CCSC had quite the busy Sunday evening this week with an upcoming Black History month event, an amendment proposal from the president, nine appointment candidate speeches, and a closed-to-press candidate deliberation.
Before diving into appointment processes, at-large representative Colby King (CC ’22) gave us an update. In honor of Black History Month, Race and Ethnicities Representative King has begun coordinating an end-of-the-month virtual concert in collaboration with VP Campus Life Justin Rossman (CC ‘23). Representative King plans to hold a raffle with gift bag prizes to help fund this initiative. Representative King also requested a total of $1,500 from CCSC funds to support the event, specifically $1,000 from the At-Large Fund and $500 from the Diversity and Inclusion Fund. Keep reading in the coming weeks for more information regarding raffle tickets and concert details!
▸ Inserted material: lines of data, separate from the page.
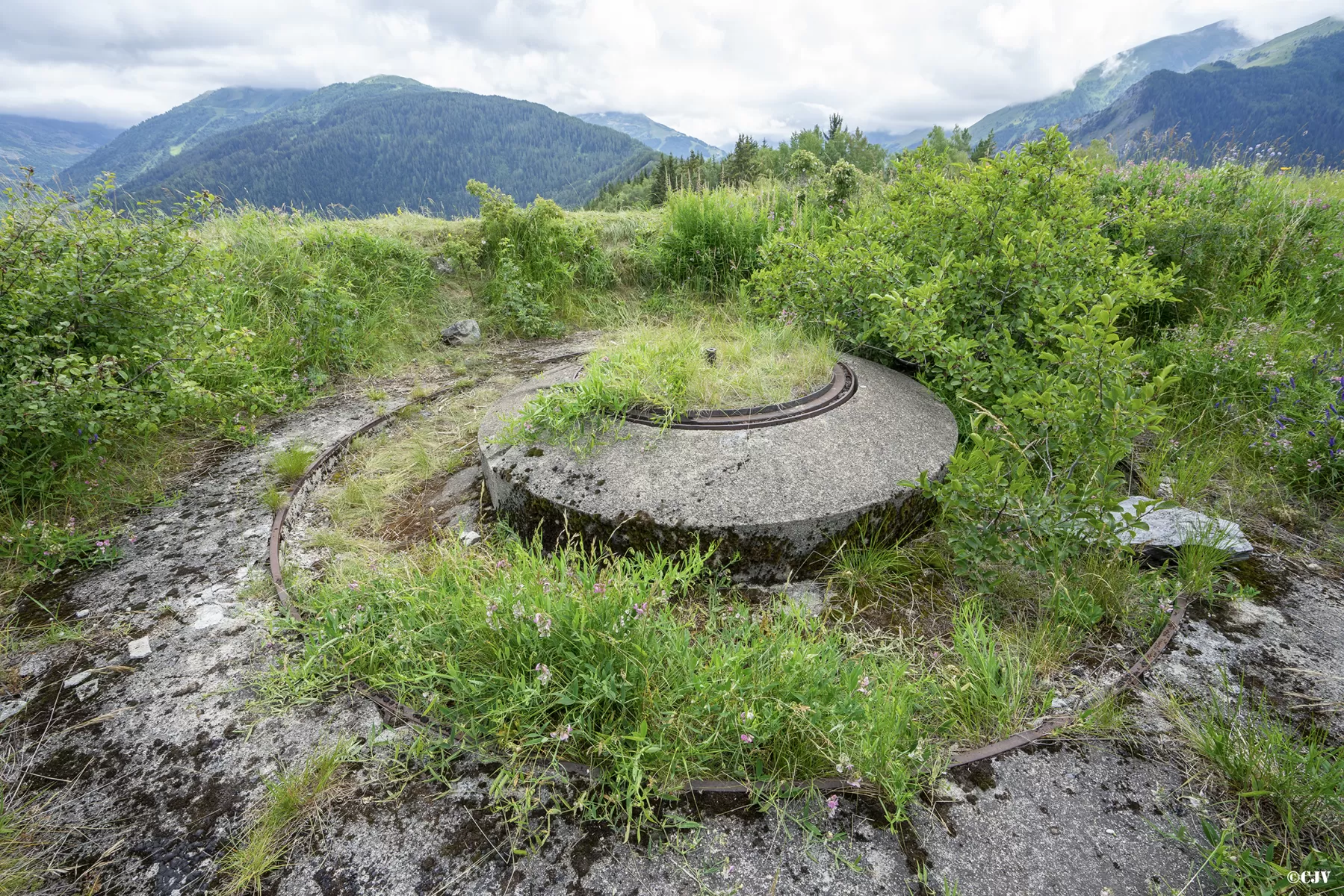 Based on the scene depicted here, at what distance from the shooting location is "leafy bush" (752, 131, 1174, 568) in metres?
2.20

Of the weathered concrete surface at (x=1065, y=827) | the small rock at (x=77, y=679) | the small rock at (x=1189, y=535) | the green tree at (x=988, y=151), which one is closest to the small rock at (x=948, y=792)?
the weathered concrete surface at (x=1065, y=827)

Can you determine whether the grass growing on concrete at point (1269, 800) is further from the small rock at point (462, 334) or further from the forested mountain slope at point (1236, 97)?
the forested mountain slope at point (1236, 97)

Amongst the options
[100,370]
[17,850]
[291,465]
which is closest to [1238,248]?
[291,465]

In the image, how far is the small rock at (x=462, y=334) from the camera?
5688 millimetres

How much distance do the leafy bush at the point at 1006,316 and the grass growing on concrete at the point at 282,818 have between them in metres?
2.26

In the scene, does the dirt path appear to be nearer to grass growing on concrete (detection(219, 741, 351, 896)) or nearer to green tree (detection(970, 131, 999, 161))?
grass growing on concrete (detection(219, 741, 351, 896))

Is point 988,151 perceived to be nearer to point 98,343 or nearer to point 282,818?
point 98,343

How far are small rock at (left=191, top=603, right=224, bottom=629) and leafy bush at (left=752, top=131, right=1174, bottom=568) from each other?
290cm

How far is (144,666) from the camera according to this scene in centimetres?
213

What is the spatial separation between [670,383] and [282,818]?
7.16ft

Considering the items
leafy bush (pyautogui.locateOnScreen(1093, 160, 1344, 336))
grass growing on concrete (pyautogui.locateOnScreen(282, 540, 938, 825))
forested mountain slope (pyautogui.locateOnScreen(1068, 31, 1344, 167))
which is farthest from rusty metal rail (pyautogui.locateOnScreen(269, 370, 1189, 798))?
forested mountain slope (pyautogui.locateOnScreen(1068, 31, 1344, 167))

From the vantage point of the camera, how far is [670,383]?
9.79 feet

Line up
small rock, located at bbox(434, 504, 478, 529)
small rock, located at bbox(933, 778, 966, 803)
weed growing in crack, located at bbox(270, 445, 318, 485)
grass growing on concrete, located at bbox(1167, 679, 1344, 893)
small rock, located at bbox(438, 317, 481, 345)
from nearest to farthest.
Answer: grass growing on concrete, located at bbox(1167, 679, 1344, 893), small rock, located at bbox(933, 778, 966, 803), small rock, located at bbox(434, 504, 478, 529), weed growing in crack, located at bbox(270, 445, 318, 485), small rock, located at bbox(438, 317, 481, 345)

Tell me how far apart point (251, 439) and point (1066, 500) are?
428 cm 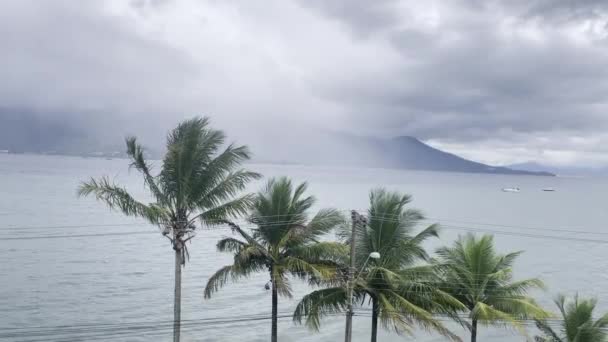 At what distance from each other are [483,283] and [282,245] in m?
7.49

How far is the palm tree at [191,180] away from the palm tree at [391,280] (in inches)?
174

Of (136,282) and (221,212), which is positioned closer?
(221,212)

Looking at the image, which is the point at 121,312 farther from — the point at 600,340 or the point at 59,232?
the point at 59,232

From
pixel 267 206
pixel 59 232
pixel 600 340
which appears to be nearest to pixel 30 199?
pixel 59 232

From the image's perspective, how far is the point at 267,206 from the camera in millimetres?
21969

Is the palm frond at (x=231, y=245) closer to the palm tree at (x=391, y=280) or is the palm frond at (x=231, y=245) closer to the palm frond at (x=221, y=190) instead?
the palm frond at (x=221, y=190)

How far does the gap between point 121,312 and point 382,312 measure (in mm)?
26153

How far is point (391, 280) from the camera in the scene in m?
19.2

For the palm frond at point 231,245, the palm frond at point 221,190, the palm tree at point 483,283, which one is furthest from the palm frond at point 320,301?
the palm frond at point 221,190

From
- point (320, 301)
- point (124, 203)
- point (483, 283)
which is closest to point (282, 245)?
point (320, 301)

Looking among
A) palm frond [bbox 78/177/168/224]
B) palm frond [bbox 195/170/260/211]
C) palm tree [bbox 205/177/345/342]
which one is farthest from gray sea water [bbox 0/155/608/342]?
palm frond [bbox 195/170/260/211]

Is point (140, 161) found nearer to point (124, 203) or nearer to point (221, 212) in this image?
point (124, 203)

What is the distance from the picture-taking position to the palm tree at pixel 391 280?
19.7 m

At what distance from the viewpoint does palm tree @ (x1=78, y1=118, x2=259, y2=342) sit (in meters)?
20.1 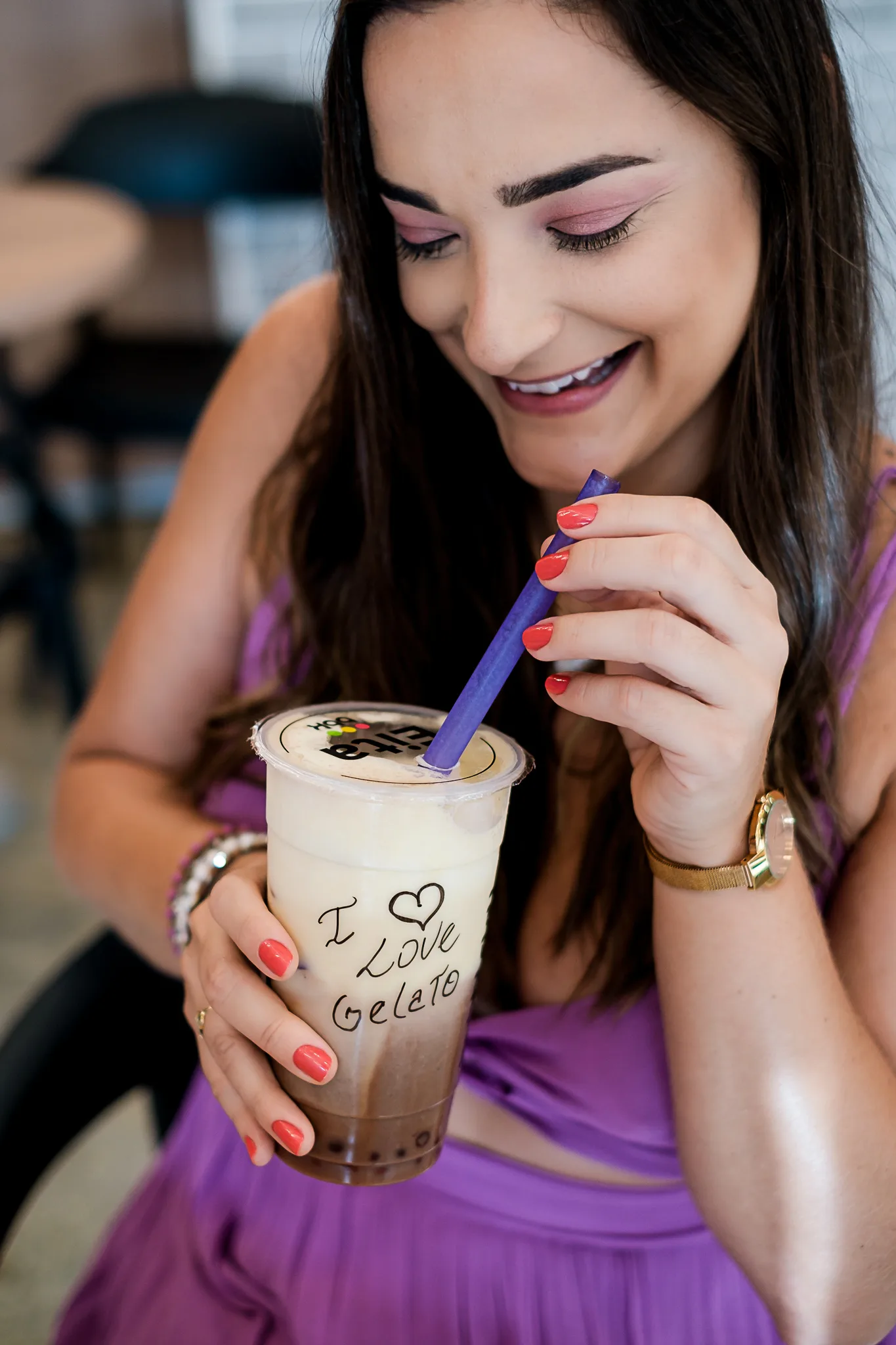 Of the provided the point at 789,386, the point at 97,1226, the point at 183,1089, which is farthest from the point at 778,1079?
the point at 97,1226

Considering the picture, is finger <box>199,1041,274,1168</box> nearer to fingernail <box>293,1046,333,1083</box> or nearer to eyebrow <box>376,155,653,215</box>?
fingernail <box>293,1046,333,1083</box>

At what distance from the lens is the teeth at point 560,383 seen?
0.94m

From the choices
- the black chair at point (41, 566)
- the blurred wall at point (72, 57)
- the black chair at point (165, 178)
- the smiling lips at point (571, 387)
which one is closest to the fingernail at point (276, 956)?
the smiling lips at point (571, 387)

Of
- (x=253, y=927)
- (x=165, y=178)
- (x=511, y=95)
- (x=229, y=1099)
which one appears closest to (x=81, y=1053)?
(x=229, y=1099)

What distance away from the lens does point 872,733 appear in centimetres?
98

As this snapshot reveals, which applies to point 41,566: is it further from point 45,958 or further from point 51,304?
point 45,958

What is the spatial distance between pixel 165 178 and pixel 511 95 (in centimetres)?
256

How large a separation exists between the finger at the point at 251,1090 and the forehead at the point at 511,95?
536 millimetres

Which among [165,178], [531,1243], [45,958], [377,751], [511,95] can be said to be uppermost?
[511,95]

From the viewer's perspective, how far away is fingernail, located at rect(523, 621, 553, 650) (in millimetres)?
746

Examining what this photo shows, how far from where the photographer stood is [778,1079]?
0.87 metres

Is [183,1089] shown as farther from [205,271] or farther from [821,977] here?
[205,271]

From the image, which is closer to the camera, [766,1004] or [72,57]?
[766,1004]

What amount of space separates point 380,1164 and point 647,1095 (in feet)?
0.84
President Joon Baek (CC ‘21) presented a timely constitutional amendment of the appointment voting procedures. President Baek proposed to change the ⅔ majority voting rule given that in the past this quota has proven difficult to reach, leading to prolonged appointment processes with multiple rounds of voting. Instead, President Baek suggested using rank choice voting for the three candidates for each position, thereby fairly appointing whichever candidate wins the simple majority. This amendment would only pertain to appointment process voting. VP Policy Rads Mehta (CC ‘22) motioned to vote on the amendment which was seconded by many, leading to the landslide passing of the appointment voting procedure amendment.
With President Baek’s amendment passing with flying colors, CCSC was ready for an evening of speeches from the candidates applying for Class of 2023 Representative, Student Services Representative, and Pre-Professional Representative. Committee leader of the appointment process, Representative King (CC ‘22), with help from other general body members narrowed the applicant pool down to three candidates for each position. Each candidate delivered their prepared short speech to general body members, each of which were filled with innovative ideas to improve the Columbia student experience. Every candidate touched on the difficult reality of virtual learning, especially Student Services Representative candidates.
Ultimately, Virginia Lo (CC ‘23) was appointed as the Class of 2023 Representative although she also ran for Student Services Representative. Virginia Lo is a Political Science major who has recently transferred from Cornell where she served on their student government as the chair of the Administration and Faculty Committee. Representative Lo is currently involved with Columbia’s Political, and Law Reviews and seeks to foster a stronger community in the virtual world through international-time-zone-inclusive activities, frequent office hours, and an individual Class of 2023 Council social media platform. She also is an advocate of student psychological services and is planning to work on making them equitably and fairly accessible to all students.
The new Student Services Representative is Skye Bork (CC ‘21), a veteran CCSC member who had served on CCSC prior to her time abroad. Representative Bork believes that student services, “are the life and blood of Columbia right now,” a sentiment that CCSC general body members seemed to agree with. We’ll look forward to seeing how this new appointee and senior Columbia student expands student services in a safe and responsible way.
Anthony Adessa (CC ‘22) is the new Pre-Professional Representative and for good reason; he spoke so fast and so articulately during his speech that he was able to tell us about more ideas than I could keep up with! Representative Adessa clearly does not mess around, with experience as an orientation leader and as an upperclassmen dealing with the pre-professional world, he is sure to stick to his promises of focusing on major and pre-professional track help for underclassmen, specifically sophomores, who have spent a majority of their time at Columbia off campus. We’ll look forward to hearing more about his major-track specific mentorship program ideas!